Either way, it’s hard not to worry a little bit that the CTONG 1104 results might be giving us a clue as to what we may see with long-term follow-up for ADAURA. It will be disappointing if in 5 to 10 years from now the ADAURA OS curves start to match those in CTONG 1104.

Zofia Piotrowska, MD, MHS
Good point. However, I do have to say that with adjuvant chemotherapy having been given only in the control arm in CTONG 1104, I am hopeful that we won’t see the same trend with longer-term follow-up of ADAURA, where adjuvant chemotherapy was allowed in both arms. Although the rates of adjuvant chemotherapy administration were lower than anticipated in ADAURA, as we discussed, they were balanced across the arms.
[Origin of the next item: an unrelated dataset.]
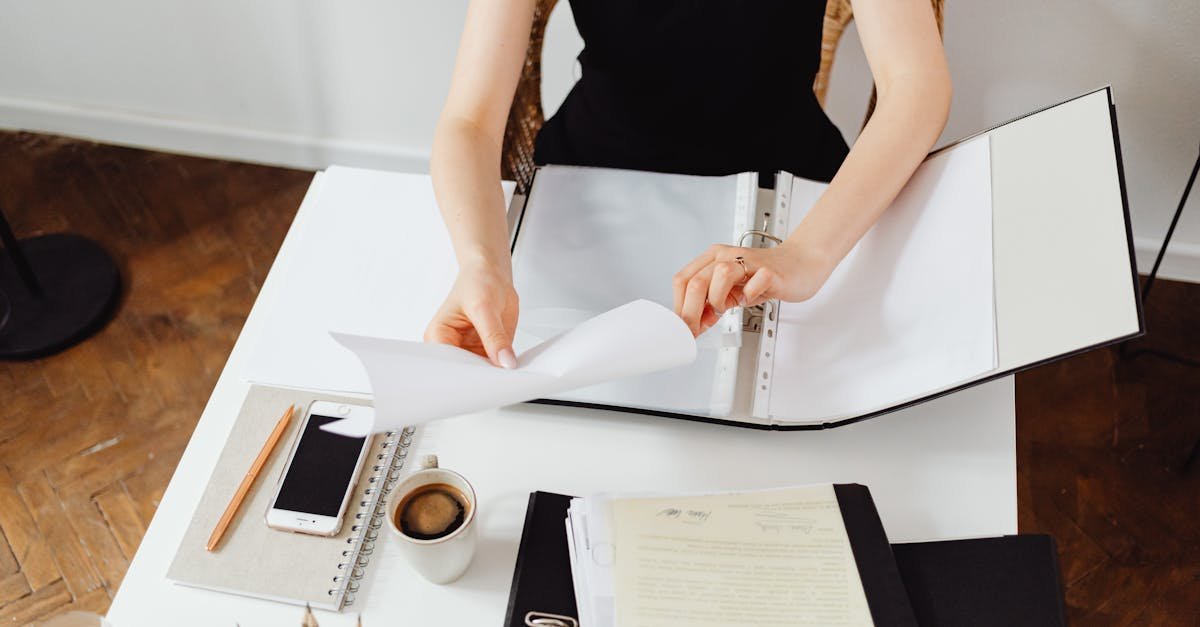 Business professional working with documents at a desk with coffee and smartphone.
So I do wonder, with longer follow-up, whether that uniform use of chemotherapy in both arms of ADAURA will impact OS outcomes or whether it really will be that it’s more of a matter of patients having an improvement in DFS while they’re on osimertinib that lasts only while they’re on treatment and then washes away with longer follow-up.

Stephen V. Liu, MD
You are right in that there are some important differences between these 2 studies, and that the chemotherapy imbalance in CTONG 1104 is glaring. There is also concern that some of the patients in CTONG 1104 were understaged. If some patients did indeed have occult metastatic disease, we could expect an EGFR TKI to offer DFS benefit but not OS benefit. Osimertinib is more effective, is better tolerated, and has better CNS penetration than gefitinib, which might be of particular importance in this context.

Zofia Piotrowska, MD, MHS
Another interesting question that I’ve been asked a few times since ADAURA was presented at ASCO 2020 is whether the data suggest that we can skip adjuvant chemotherapy for patients who have a known EGFR mutation in favor of using adjuvant osimertinib. Because of the demonstrated lack of OS benefit with adjuvant EGFR TKI therapy compared with adjuvant chemotherapy in the CTONG 1104 study, I would caution clinicians against skipping adjuvant chemotherapy, unless a patient was ineligible. We can certainly consider whether to use adjuvant osimertinib following chemotherapy, but not instead of an approach with a proven survival benefit.